Se você não me ama, minta para mim. Pois você é a única coisa em que acredito. - "Lie to Me" - Bon Jovi
"I was alright for a while, I could smile for a while, but I saw you last night, you held my hand so tight as you stopped to say 'hello'. You wished me well, you couldn’t tell that I'd been crying over you (...) I thought that I was over you but it's true, so true - I love you even more than I did before, but darling what can I do? For you don’t love me and I'll always be crying over you."
Eu estava bem por um momento, eu podia sorrir por um momento, mas eu te vi na noite passada, você segurou minha mão tão apertado quando parou pra dizer oi. Você me desejou bem, nem imaginava que eu estive chorando por você. (...) Eu pensei que eu havia te superado, mas é verdade, tão verdade - eu te amo ainda mais do que amava antes, mas querida, o que posso fazer? Você não me ama e eu estarei sempre chorando por você. - "Crying" - Roy Orbinson
Eu sei. São músicas bem EMO, não?! Algumas pegam pesado mesmo. Eu nunca gostei de ninguém o suficiente para chorar, entende?! Mas minha trajetória de ser creep é longa. Muito longa. Acho que começou quando eu tinha 3 anos (!!!) e gostei de um menino da igreja. Ele devia ser da minha idade. Não me pergunte como eu sei, apenas que a imagem dele é a mais antiga que eu tenho (eu acho).
A partir de então eu sofro da famosa síndrome “apaixonada pelo garoto mais bonito da escola”. Embora nem sempre os meus critérios de beleza fossem idênticos ao dos demais. Mesmo assim, a única vez que eu namorei foi quando eu era creep de um creep meu.

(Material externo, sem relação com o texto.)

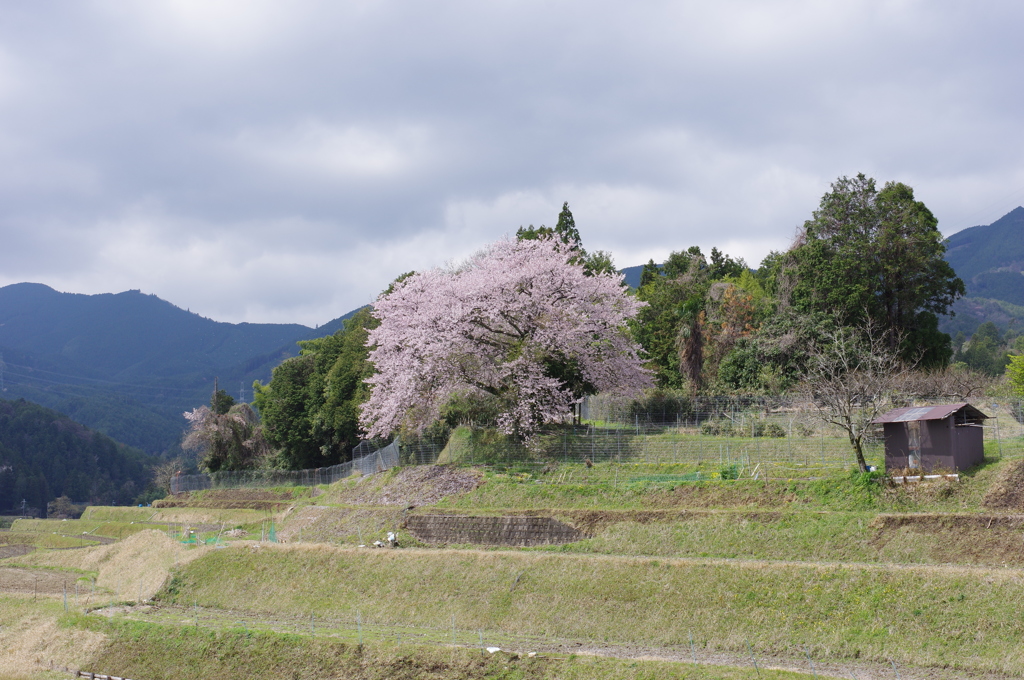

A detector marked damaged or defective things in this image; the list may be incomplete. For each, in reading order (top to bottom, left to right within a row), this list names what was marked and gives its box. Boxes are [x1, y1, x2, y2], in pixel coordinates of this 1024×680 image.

shed rusty metal roof [868, 401, 987, 421]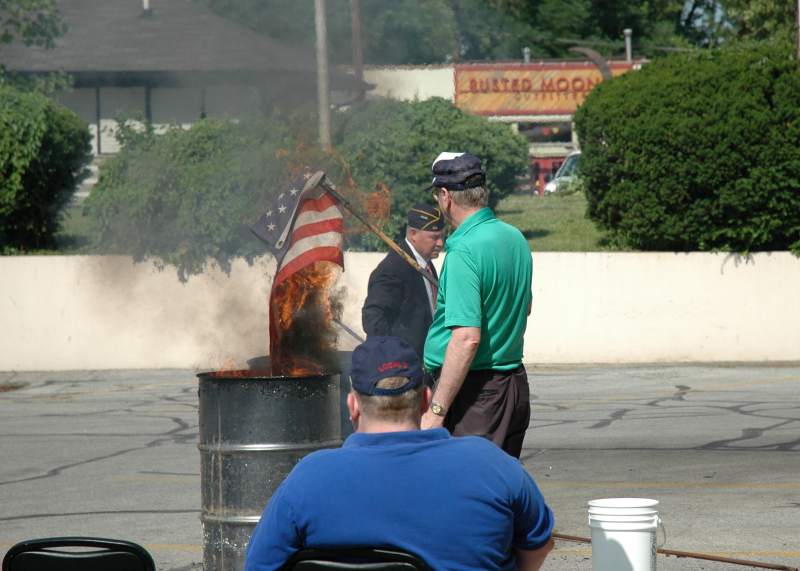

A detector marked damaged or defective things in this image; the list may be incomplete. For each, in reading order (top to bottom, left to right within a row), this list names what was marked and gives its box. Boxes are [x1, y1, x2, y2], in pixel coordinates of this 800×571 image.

rusty barrel [198, 370, 342, 571]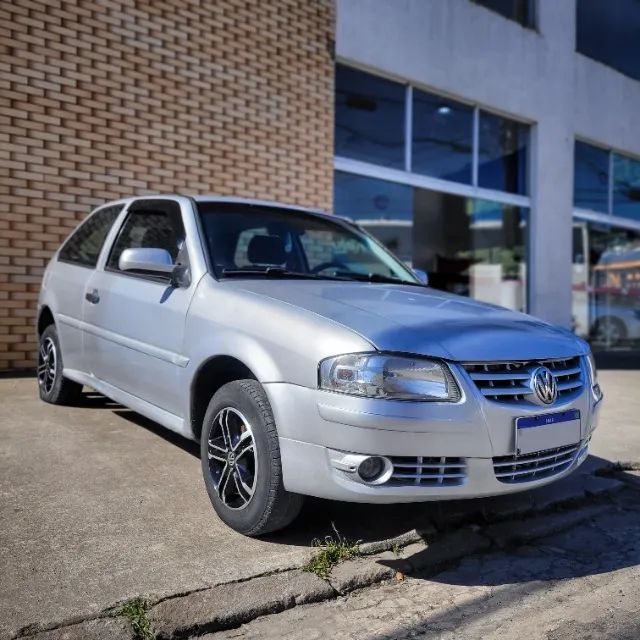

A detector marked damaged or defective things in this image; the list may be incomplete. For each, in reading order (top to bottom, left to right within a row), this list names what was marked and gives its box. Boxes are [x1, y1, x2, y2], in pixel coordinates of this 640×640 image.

cracked pavement [209, 484, 640, 640]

Mas, para falar a verdade, eu não acho chato ser creep. É meio triste não ser correspondida e tal. Contudo, a minha parte preferida é ficar imaginando situações. Estimula ao máximo minha veia literária.
No dia (bem futuro) em que eu ganhar meu prêmio Nobel de Literatura vou dedicar a todos os creeps. Afinal, se eu não fosse creep nunca escreveria romances.